Respirations, inspiration. Ecoute de soi et présence à l’instant. Abandon et concentration.
Les débutants ont de quoi faire leurs premiers pas. Les plus aguerris, de quoi explorer « chaque jour comme un nouveau pas », « chaque pas comme le premier ».
Toute la journée, il sera question des fondamentaux, que chacun prendra ou reprendra à son niveau.
Les exercices alternent et se complexifient imperceptiblement : trouver son axe, placer la structure, chasser les tensions.
Régulièrement, nous sommes invités à écouter la trace du mouvement dans l’immobilité, pour en sentir les bienfaits. Ancrer, mémoriser. Garder le sans effort (et le plaisir qu’il procure) dans les mouvements, puis dans les exercices à deux.
Les temps en cercle, à écouter et questionner, s’intercalent avec les temps de pratique. Les feuilles de papier se couvrent de signes chinois, d’explications anatomiques, biomécaniques ou énergétiques. Chacun prend des notes, et reprend, dans sa pratique, les propositions d’exploration.
Le cadre est posé, sans être pesant.
La pratique à deux, c’est continuer à pratiquer en écoutant son centre, grâce à l’autre. Vérifier sa structure, grâce à la poussée de l’autre.
Mouvements pendulaires, étirements spiralés, depuis notre centre, les mouvements prennent racine et s’amplifient.
Souvent, il faut faire moins. Moins de mouvements. Moins d’efforts surtout. Chasser les tensions.
C’est dans le mouvement, c’est avec le mouvement, que l’on trouve le centre, le point d’ancrage et l’immobile.
Le corps reconnaît le bon placement, la juste ondulation, la spirale naturelle, en laissant s’exprimer une pure vitalité.
Le mouvement n’est pas une dispersion de l’immobile. C’est l’amplification de sa dynamique. Il en est l’une des expressions.
Le corps a reconnu la juste sensation : le sourire affleure.
Le « sans effort » demande de l’entraînement. Le « sans effort » procure du ravissement.
Les exercices, de simples contacts au début, se complexifient. Peut-on garder le même relâchement avec plus de vitesse et d’énergie ? la même qualité d’alignement, de placement des épaules, du bassin ?
A qui aurait oublié qu’il s’agit d’un art martial, à qui oublierait que ce qui fait du bien contient les ingrédients de ce qui est efficace dans un contexte plus confrontant, il suffira d’ouvrir grand les yeux pour essayer de comprendre ce qu’il se passe lorsque, comme dans les classiques, sous vos yeux, « une once soulève une tonne ». Rebonds, projections, les murs en tremblent…. dans le sourire et la fluidité.
Nous passons naturellement des exercices en solo aux exercices à deux, et inversement.

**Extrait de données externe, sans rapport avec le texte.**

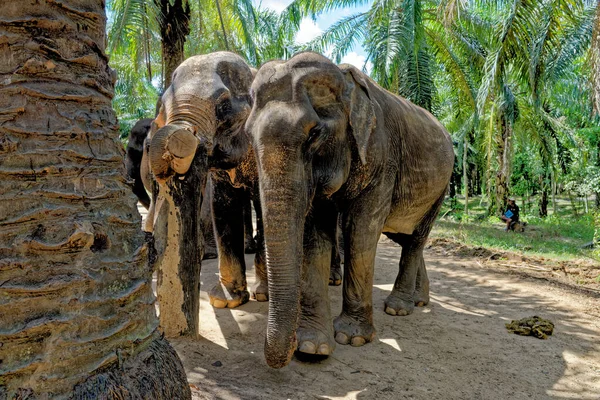 Une Journée Avec Des Éléphants Sanctuaire Krabi Elephant House Thaïlande — Photo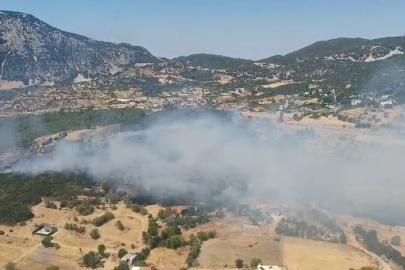 Kaş’ta ormanlık alanda yangın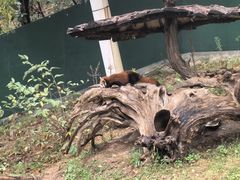 -大连森林动物园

Avec les partenaires, nous cherchons à percevoir « le sol dans la main », l’élasticité que le non-effort donne au corps relié. Traquer ce qui trouble, perturbe et affaibli dans le contact à soi, à l’autre, au sol, à notre racine, à notre essence : les tensions, l’inattention.
Je suis venue pour apprendre. Mais ici, apprendre n’est pas prendre. C’est enlever. Enlever le superflu.
C’est en ressortant de la journée de stage que l’on mesure le chemin parcouru. La qualité d’état d‘être atteinte. Quant à la progression technique, point d’illusion. Il faudra de la pratique. Déclics et pratique.
Au retour, chaque pas est le mouvement du balancier. Le centre est bien installé, prêt à battre les pavés de la capitale.
Sous l’horloge de la gare Saint Lazare, le temps s’est arrêté, mais la pratique continue.